To implement the paddles for the pong game, we use two voltage divider circuits with a potentiometer. The output voltage of the voltage divider would vary depending on the resistance value of the potentiometers. We used potentiometers provided on the large prototyping board in the lab; a 10k and 1k potentiometer. The two voltage dividers were designed appropriately to output a voltage range of 0V-3V. The first voltage divider was a 6.6k resistor in series with the 10K potentiometer. At maximum resistance of the potentiometer, the output voltage is 3V, and at zero resistance, the output is 0V. The other voltage divider works identically, using a .66K resistor and a 1K potentiometer. The outputs of these were then inputted into the Analog Port for Analog-to-Digital conversion. These voltages were then used to control the positions of the paddles. In software, the Analog Port is programmed to quickly switch between the two inputs from voltage divider to continually refresh the paddle position desired by each user.

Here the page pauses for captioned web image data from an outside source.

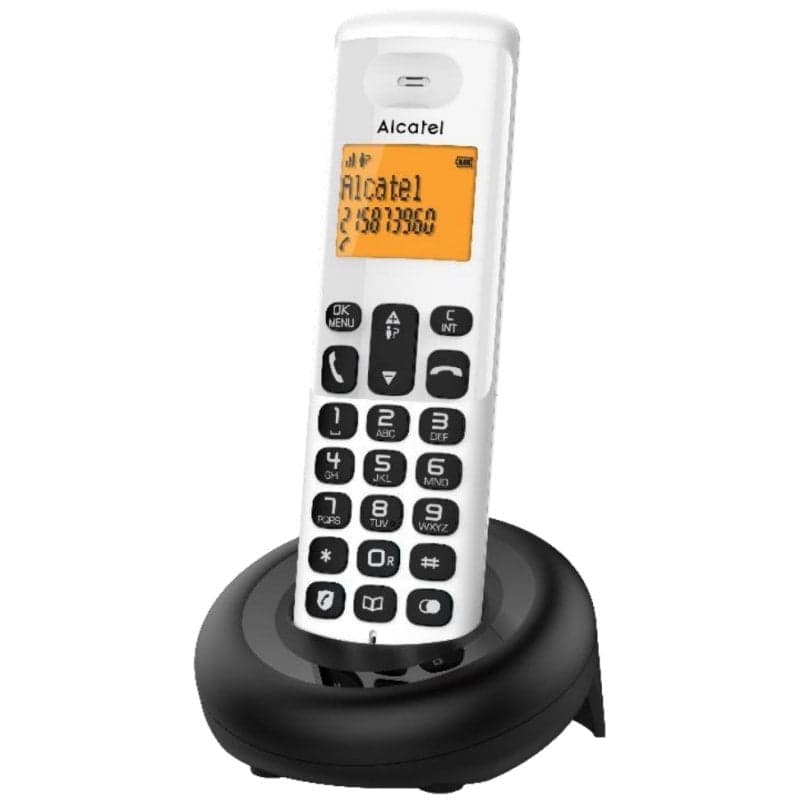Teléfono DECT Alcatel Negro/Blanco Pantalla 2 Líneas Identificador de Llamadas VIP Bloqueo
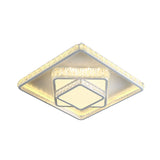 Minimalist Faceted Crystal White Ceiling Light Fixture - Led Flush Mount 19.5/23.5 W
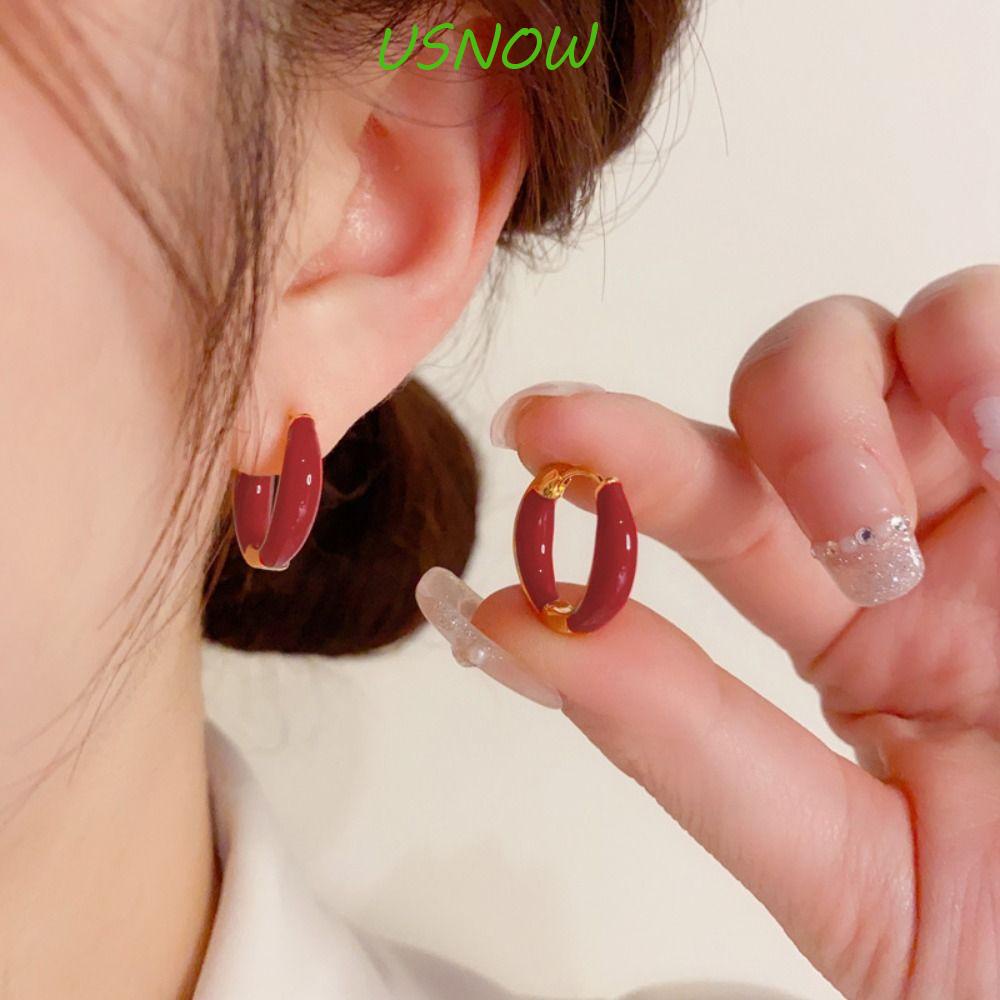 Khuyên Tai Vòng Tròn Phong Cách Hàn Quốc Vintage Đơn Giản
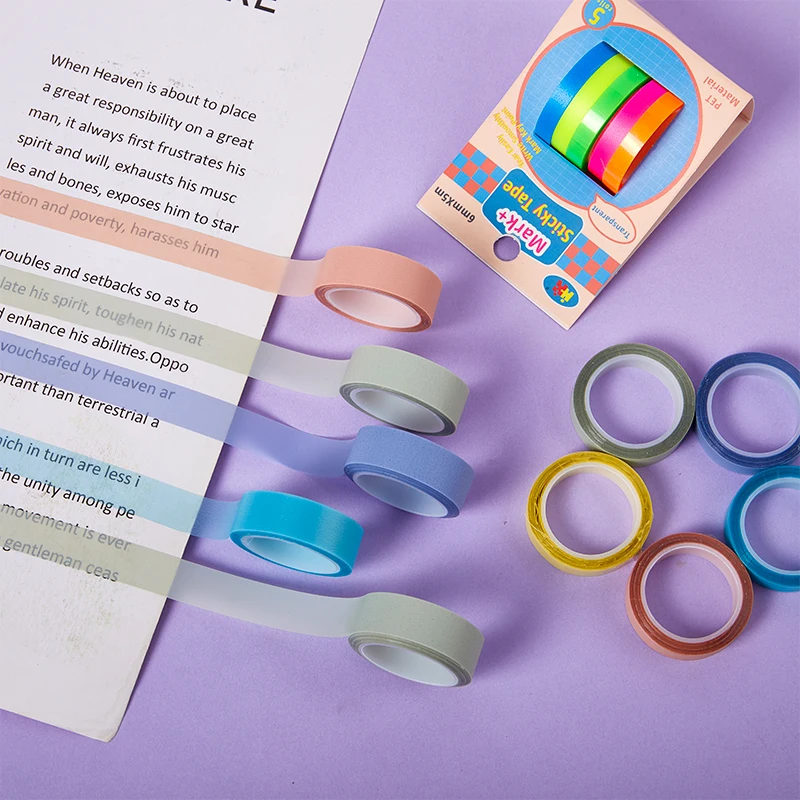 

5Rolls/set 5 Colors Sticky Note Transparent Fluorescent Tabs Flags Stickers Stationery Children Gift School Office Supplies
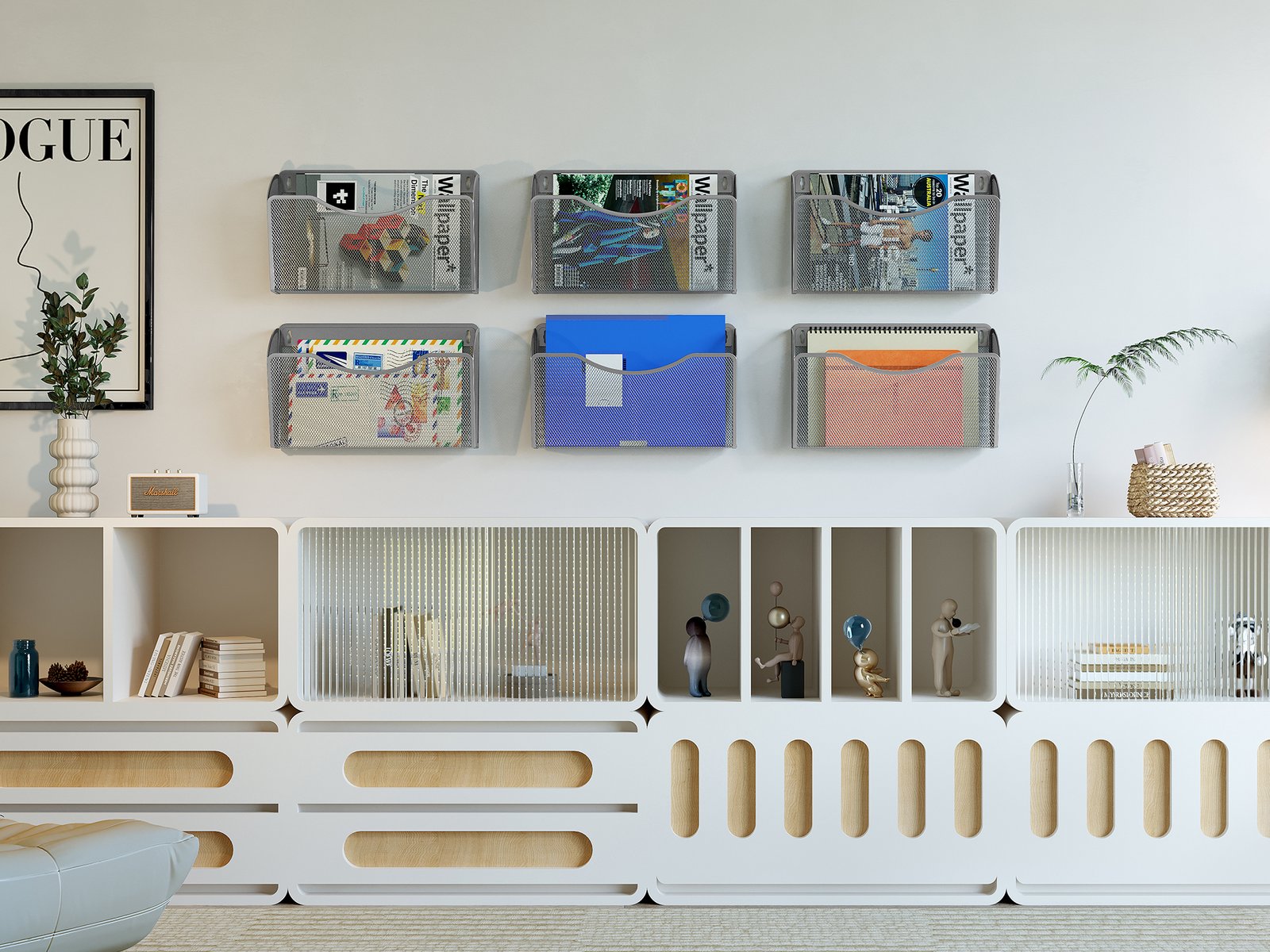 EasyPAG 1 Pocket Landscape A4 Mesh Hanging Wall File Holder Mail Organiser Magazine Storage,Silver - 图片 5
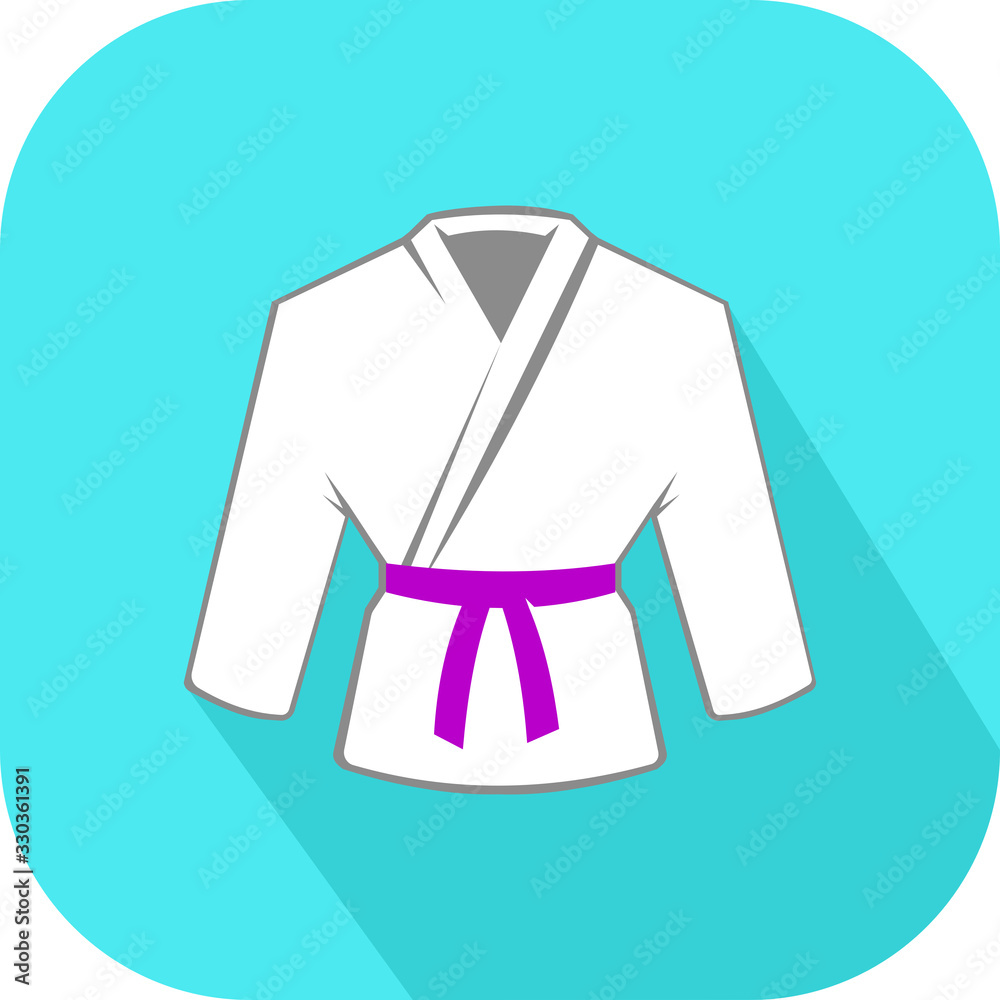 Martial Arts Purple Belt Rank Flat Icon vector Illustration.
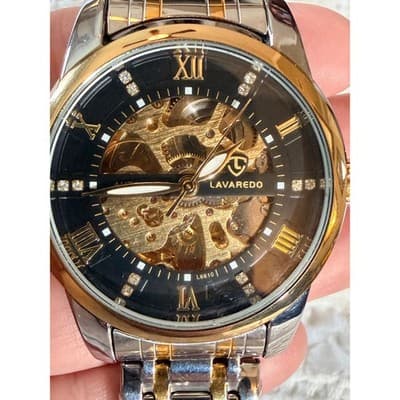 Lavaredo Automatic Skeleton Watch Diamond Dial Two Tone Stainless Steel Luxury - Thumbnail 17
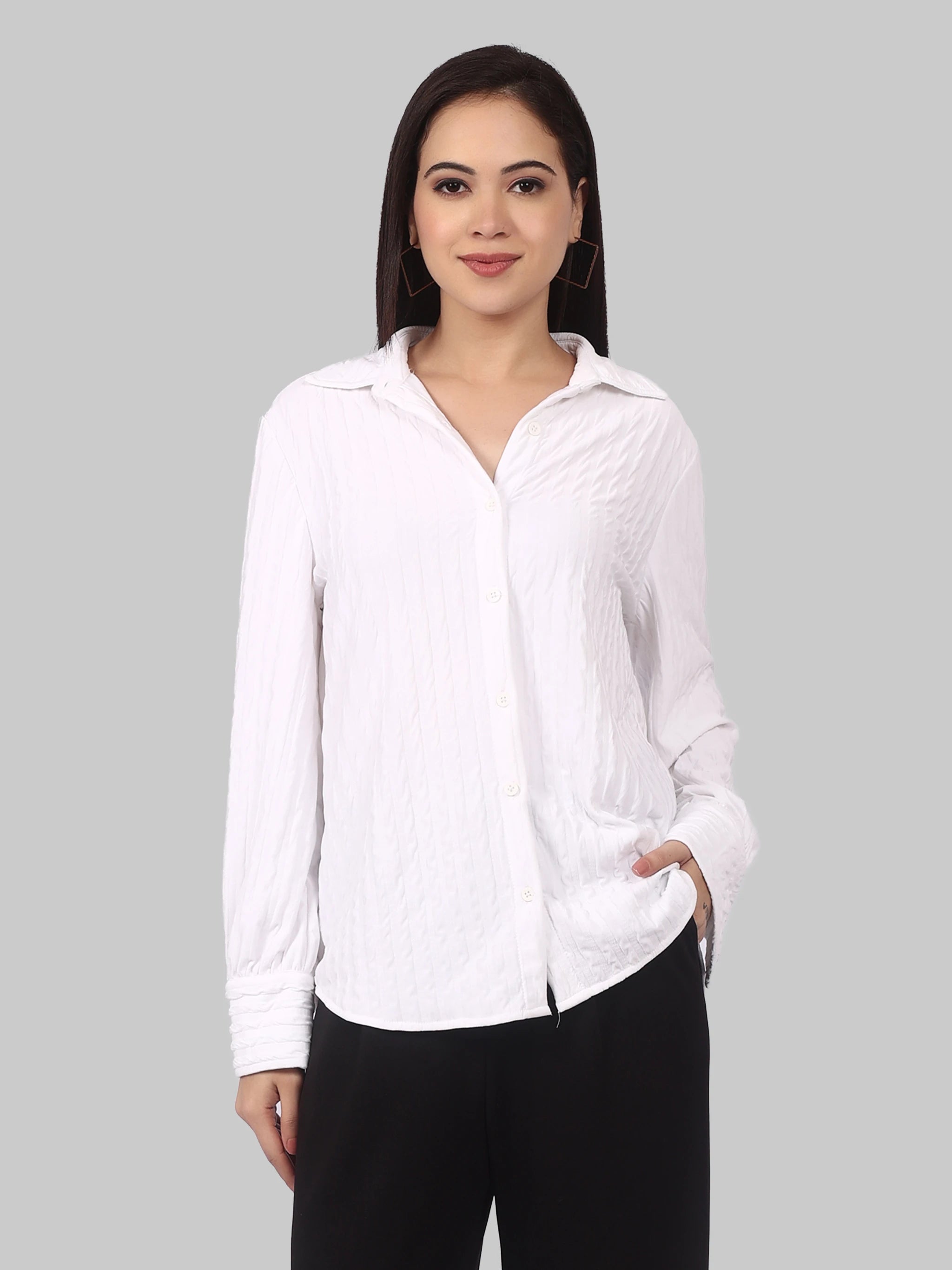 Women's White Textured Button-Down Shirt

Next, two 8-bit Digital-to-Analog Converters (DAC’s) are used. These DAC’s were created using an R-2R ladder based on 10k resistors. The purpose of these DAC’s was to convert the binary outputs from Ports C and D into an analog signal. These analog signals would then be inputs to the oscilloscope channels. Even though 8 bits are outputted by the ports, the least significant bit was not used in the D-A conversion. This is because the effect of the LSB in the final analog conversion would be negligible due to the known tolerance of the resistors

The buttons and LED’s that we needed were already provided on the STK200 evaluation board. Using jumpers on the board, PORT B could be hardwired to control the LED’s. We only want to use Port B bits 0,1,2,5,6,7 to output to control LED’s 0,1,2,5,6,7. Thus, jumpers for bits 3 and 4 are simply disconnected. When then desired to use Port B bits 3 and 4 to receive inputs from Buttons 3 and 4. Port D is usually hardwired to interact with these buttons via jumpers. We simply wired the appropriate buttons to the Port B pins.